You don’t need to edit job definitions by hand unless you’re doing advanced customization; the dashboard and configuration policies are the recommended way to manage them.

## Tasks

**Tasks** are the steps inside a job (e.g., “call this API,” “run this script,” “wait for approval”). Some jobs use **distributed binaries**—small programs that run on the endpoint to perform a task. The agent runs these in a controlled way so policy enforcement and automation stay consistent and secure.
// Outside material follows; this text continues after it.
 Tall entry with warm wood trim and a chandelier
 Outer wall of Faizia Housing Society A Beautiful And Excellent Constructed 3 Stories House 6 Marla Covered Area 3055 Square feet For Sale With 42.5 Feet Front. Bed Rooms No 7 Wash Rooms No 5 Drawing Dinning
From a customer perspective, you manage jobs as a whole; the product takes care of running the right tasks and binaries.

## UI Applications

These are the **user- and approver-facing** components that make KEPM usable day to day:

| Application                   | Purpose                                                                                                                                                 |
| ----------------------------- | ------------------------------------------------------------------------------------------------------------------------------------------------------- |
| **KeeperAgent**               | Agent UI: status, basic controls, and entry point for user-facing actions.                                                                              |
| **KeeperApproval**            | Approval UI: approvers see pending requests and can approve or deny.                                                                                    |
| **KeeperJustification**       | Justification UI: prompts the user to enter a reason when policy requires it.                                                                           |
| **KeeperMessage**             | Messaging/notifications: shows messages and notifications to the user.                                                                                  |
| **KeeperMFA**                 | MFA UI: guides the user through multi-factor authentication when policy requires it.                                                                    |
| **KeeperClient**              | System tray / client: tray icon, notifications, and quick access to elevation or other actions.                                                         |
| **Keeper.NetworkConnections** | Substitute UI for network settings: when you redirect “open network settings” to this app, users get a controlled experience instead of the OS default. |

## Run-As & Elevation Components

These components are **not** UI applications; they run processes with the right identity or elevation under policy:

| Component              | Purpose                                                   |
| ---------------------- | --------------------------------------------------------- |
| **Keeper.RunAs**       | Run processes with the appropriate identity under policy. |
| **Keeper.RunElevated** | Run processes with privilege elevation under policy.      |

Together, jobs, UI applications, and these run-as/elevation components give you **automated enforcement** and a **clear experience** for both users and approvers—without exposing internal implementation details.